Tuesday, March 22, 2011

What We Mean When We Talk About Measurements and Metrics: CIL Day One

I’m on record as complaining that library schools and MLS/MLIS programs aren’t rigorous enough. It seems that anyone can get in, GRE scores aren’t required for most programs, and once you’re in, it’s hard to get less than a B (or 3.0) average. This has real world consequences.
First, much like other post-graduate programs that involve education and teaching, there’s a lack of respect when it comes to libraries and librarians that stem, in part, from this lack of rigor. We’re easy to pick on and an easy target.
A second consequence was on display at the first day of the Computers in Libraries conference, here in Washington, DC. Both sessions I attended were marred by a lack of measurement, or by a lack of anything resembling social science, in its many forms. Of the 62 ALA-accredited schools that grant MLS/MLIS degrees none require a research methodology course. Zero. None. (UPDATE on 7/6/11: take a bow, University of Washington! You require methodology coursework.) The end result is that we graduate without knowing how to know. Assuming that there is a knowable world out there, a positivist conceit on my part throughout this post, I’m dismayed by how much librarians don’t know about designing experiments and measuring their results.
Take social media as a hypothetical example. Prior to implementing a social media strategy, one should take the current state of affairs as a baseline. There are many ways to measure this, and, in fact, it should be measured in many ways because most things out there are multifaceted. So, how many unique hits does your website get per month? How about overall visitors? Are programs at the building well-attended? What qualifies as well-attended in the first place? Are patrons satisfied, based on conversations with them (something like a focus group) or surveys? This isn’t exciting, but it’s important. Next, what does success look like? We ask this question regarding Iraq, Afghanistan, and now Libya, and it should be asked for less serious matters as well. Once you implement a program, what do you expect to happen, and why?
Are your users on Facebook, Twitter, both, something else? Do they express a desire to “tag” the catalog via LibraryThing or something similar? How do they want to interact with your library? Implement your program based off what you've found, and compare data with the previous state of affairs. That's science.
Every single one of our daily interactions in a library is a data point. It’s a piece of information that tells us something. Leverage that. It doesn’t have to be a number. I know that math, and statistics, can be scary sometimes, and that ethnographic research can be nuanced and illuminating. There are many roads to Damascus.
So if your library wasn’t on Facebook and now it is, tell me what changed, and why. Did you get more visitors, both virtual and physical? Are the patrons more satisfied, as measured somehow? That’s science, and it’s time library schools put it back in “Library and Information Science.” It’s also time that conferences asked presenters for some rigor and analysis, instead of just telling stories (Update: I'm not anti-story; stories are emotional, I mean this in a good way, and help us connect to patrons, donors, and the outside world. They're great in annual reports, as are metrics. Stories with data are the best of both worlds). Although we’re not all academic librarians, being a librarian is an academic enterprise. Isn’t it time we acted like that?

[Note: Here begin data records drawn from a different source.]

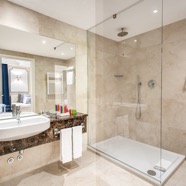 Junior_Suite_Lake_Como_View_5.jpg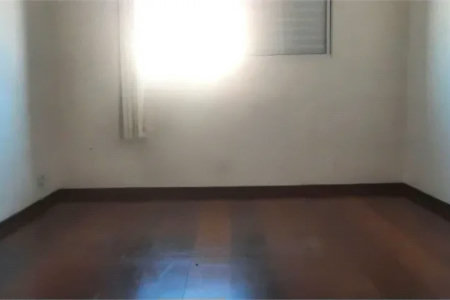 Sobrado no Jardim Bonfiglioli com 4 suítes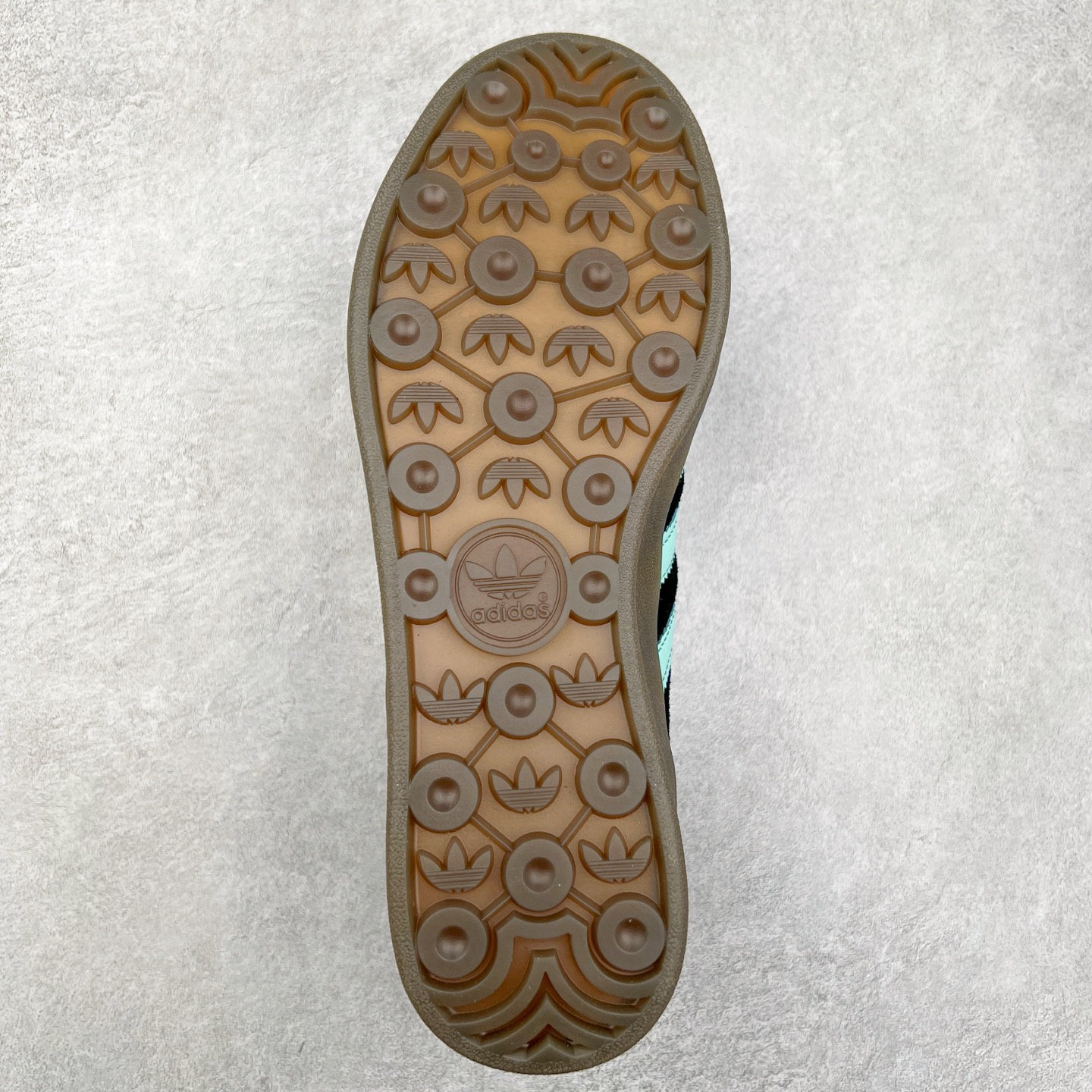 图片[9]-AD Gazelle Indoor Trainers 羚羊内训系列低帮复古百搭休闲运动德训风板鞋 JR7112 90年代经典的复刻版！自60年代以足球训练鞋面世以来,Gazelle就以其经典设计席卷全球。1991年版本的复刻,再造经典Gazelle。采用皮革打造,搭配浊色细节,让这款经典更加简约。尺码：36 36⅔ 37⅓ 38 38⅔ 39⅓ 40 40⅔ 41⅓ 42 42⅔ 43⅓ 44⅓ 44⅔ 45-选品中心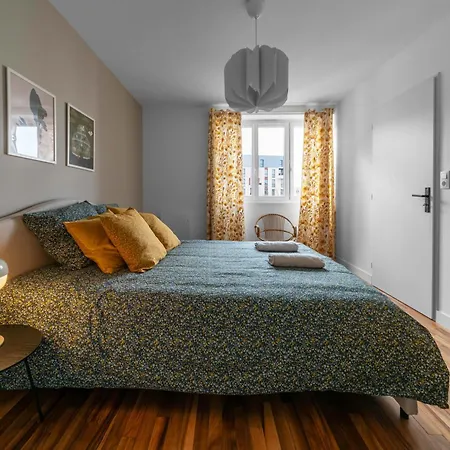 Leon Blum - Design - Parking Apartment Clermont-Ferrand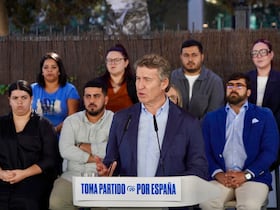 Le président du Parti populaire, Núñez Feijóo, donnant un discours à Melilla, le 10 novembre 2025.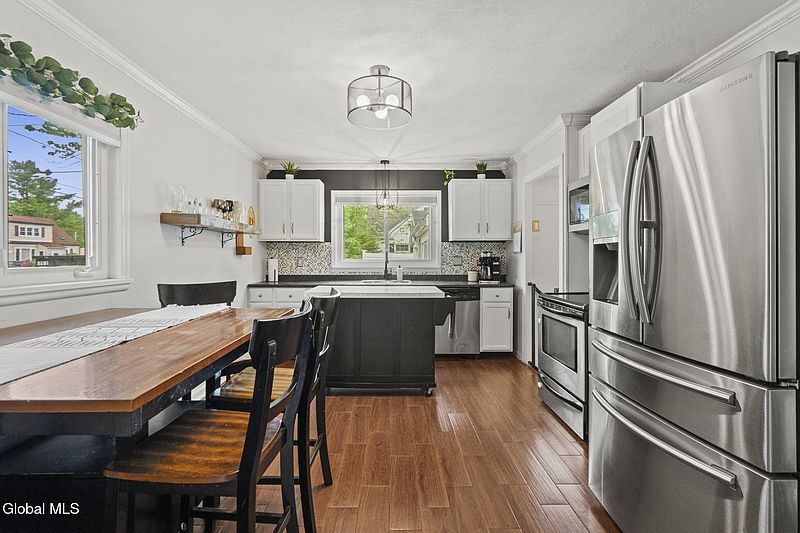 3rd image of 53 Pleasant Court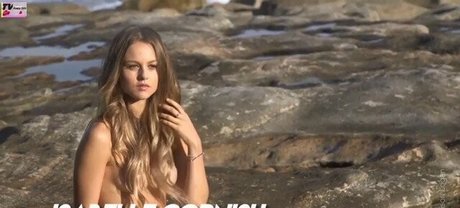 Isabelle Cornish pornstar naked image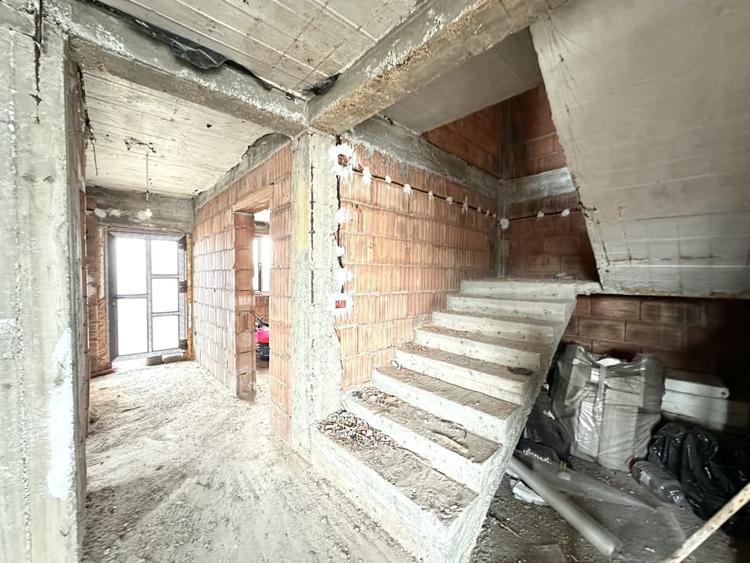 Duplex la rosu, 5 camere, 127 mp utili - Dumbravita - 10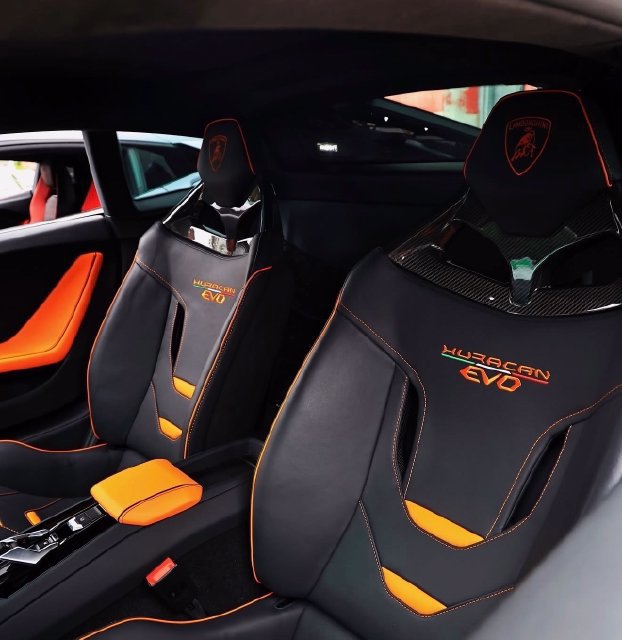 Used 2022 Lamborghini Huracan EVO RWD image 3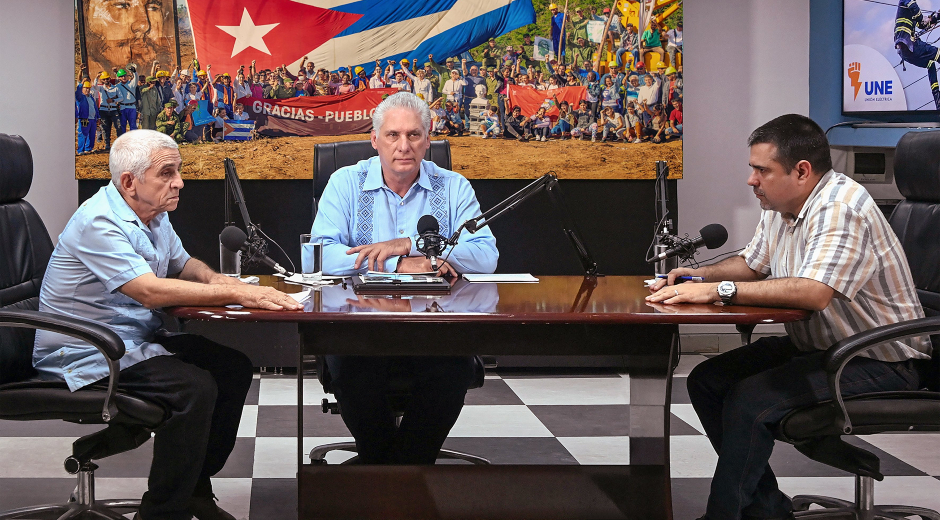 Miguel Díaz-Canel con el director general de la UNE, Alfredo López Valdés, y el director técnico, Lázaro Guerra Hernández.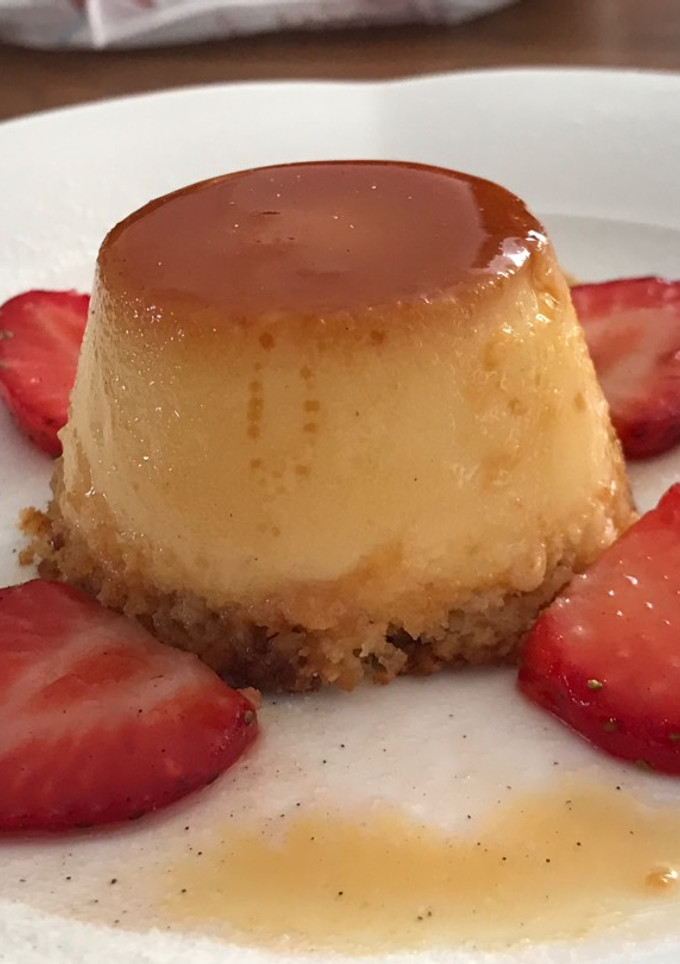 Una foto de Flan de coco y fresas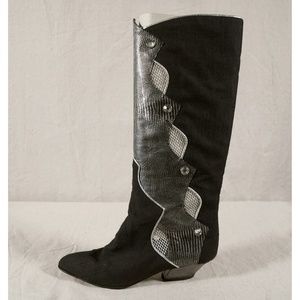 Vintage Portofino Woman 7B Mixed Media Cowboy Boot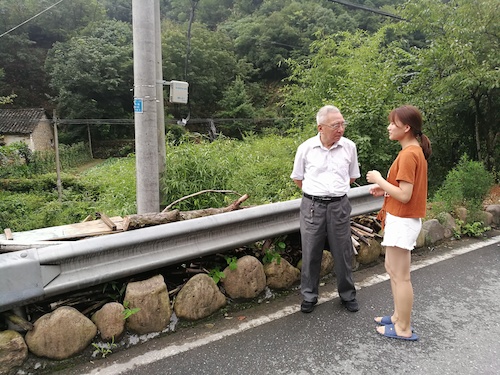 七月二十号  黄色仓库
赴大明山触摸自然小分队  对大明山住民进行采访8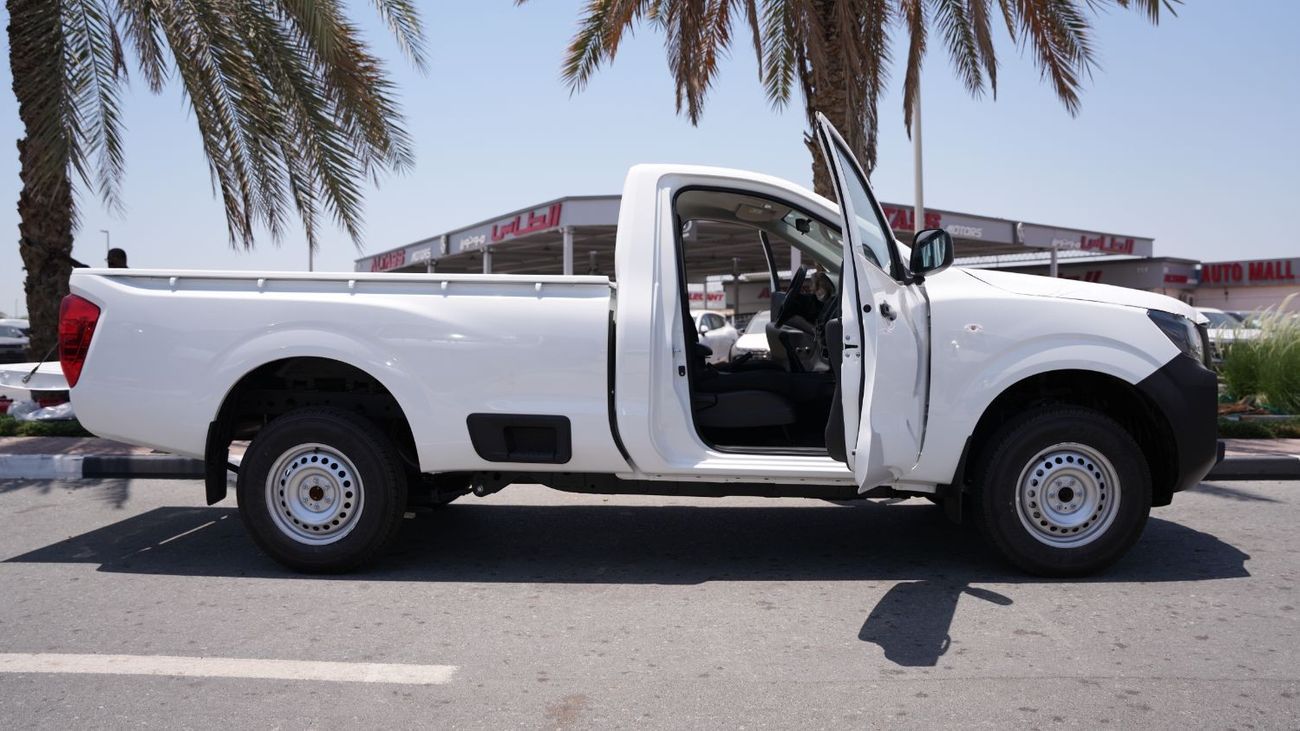 Nissan Navara Nissan Navara 2.5 Diesel XE 4X2 MT SCab Plus MY-2023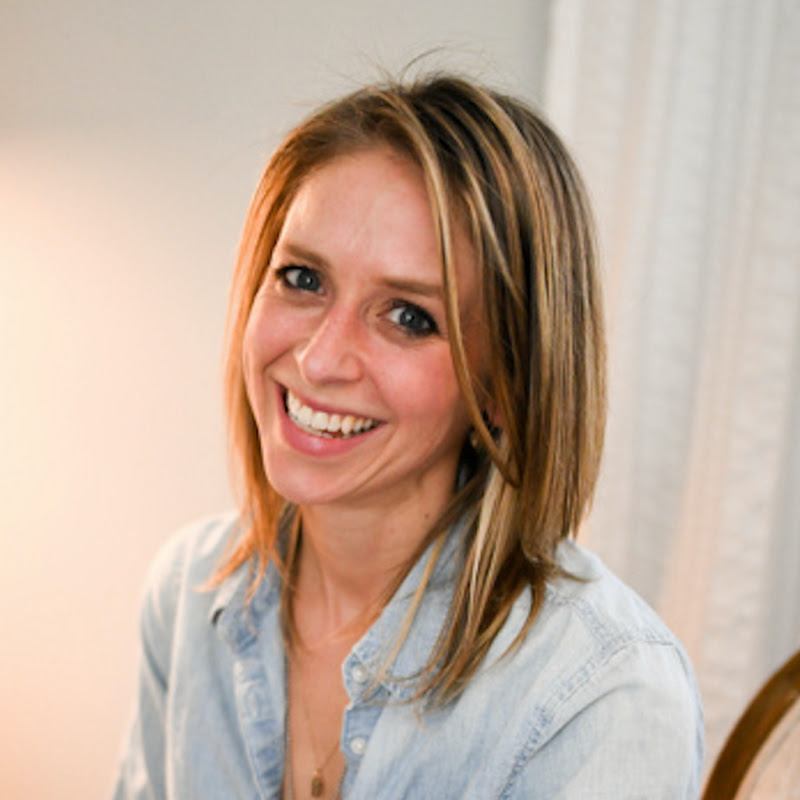 Sarah Canney (RunFarGirl)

UPDATE: 3/9/12 - a new post on a related topic, the rigor of MLIS programs.


  1. I had a social science research methods class when I took my MLS at Clarion University of Pennsylvania.

  2. Required? I took one at UNC through WISE; I got my MLIS at Pitt.

  3. Hi Jake,

    I too have a quibble about what would otherwise be a pretty damning statistic. I am getting my MLIS at the University of Washington, and our program does require a research methods class.

    However, I agree with the overall sentiment of this post. I'm really interested in assessment in libraries, and I'm actually getting a Masters in Public Administration in part to boost my ability to do things like measuring the activities and impact of libraries. Though my program does require research methods, I don't think it is a class that many of my fellow students are eager to take. I'm also not sure if it is really preparing students to do the kind of assessment you are talking about. This is in part because regular, integrated assessment still isn't common practice in libraries, and there aren't professional or industry standards for what to measure and what those measurements mean.

    I wish that I was being better prepared to do this kind of thing, while I'm still in school. Instead I think I'll be figuring a lot of it out on my own.